The main.zig reads a file, runs the scanner, and prints each token:

pub fn main() !void {
    var gpa: std.heap.GeneralPurposeAllocator(.{}) = .init;
    defer _ = gpa.deinit();
    const allocator = gpa.allocator();

    const args = try std.process.argsAlloc(allocator);
    defer std.process.argsFree(allocator, args);

    if (args.len < 2) {
        std.debug.print("usage: zpars <file.abnf>\n", .{});
        std.process.exit(1);
    }

    const source = try std.fs.cwd().readFileAlloc(allocator, args[1], 1024 * 1024);
    defer allocator.free(source);

    var scanner = zpars.Scanner.init(allocator, source);
    defer scanner.deinit();

    const tokens = try scanner.scanTokens();

    var stdout_buffer: [4096]u8 = undefined;
    var stdout_writer = std.fs.File.stdout().writer(&stdout_buffer);
    const stdout = &stdout_writer.interface;

    for (tokens) |tok| {
        try stdout.print("[{d}:{d: >3}] {s: <16} \"{s}\"\n", .{
            tok.line,
            tok.start,
            @tagName(tok.tag),
            tok.lexeme(source),
        });
    }
    try stdout.flush();
}

Running it on ABNF’s own grammar definition (zig build run -- examples/rfc5234.abnf) produces output like:

[1:  0] rulename         "rulelist"
[1:  9] equals           "="
[1: 11] number           "1"
[1: 12] star             "*"
[1: 13] left_paren       "("
[1: 14] rulename         "rule"
...

Each line shows the line number, byte offset, token tag, and the actual lexeme from the source.

Takeaways

A few things stood out while writing this:

Zero-copy tokens work well.

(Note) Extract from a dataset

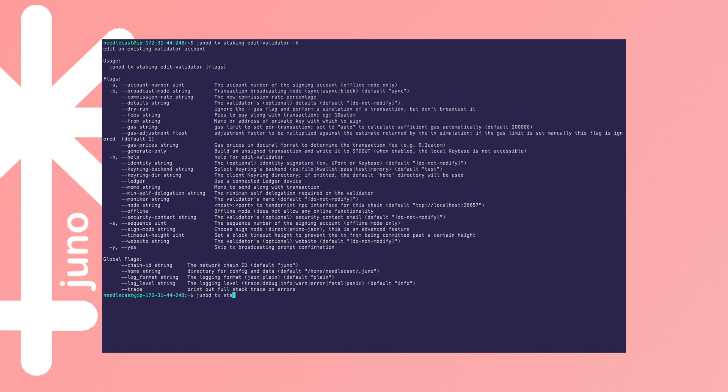JunoD TX staking, data website should work, and then identity, and then we want to put our string from just a minute ago.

Storing offsets into the source string avoids allocations per token and keeps the data cache-friendly.
std.ArrayList with explicit allocator. Zig’s approach of passing the allocator explicitly makes it obvious where memory comes from and easy to swap allocators later.
Function pointers for digit predicates. No generics or comptime needed — consumeDigits takes a plain function pointer and the compiler can still inline it.
The scanner is ~180 lines. ABNF is a small language, and Zig doesn’t get in the way. No boilerplate, no ceremony.

The full source is at github.com/q-uint/zpars. Next step: building a parser on top of these tokens.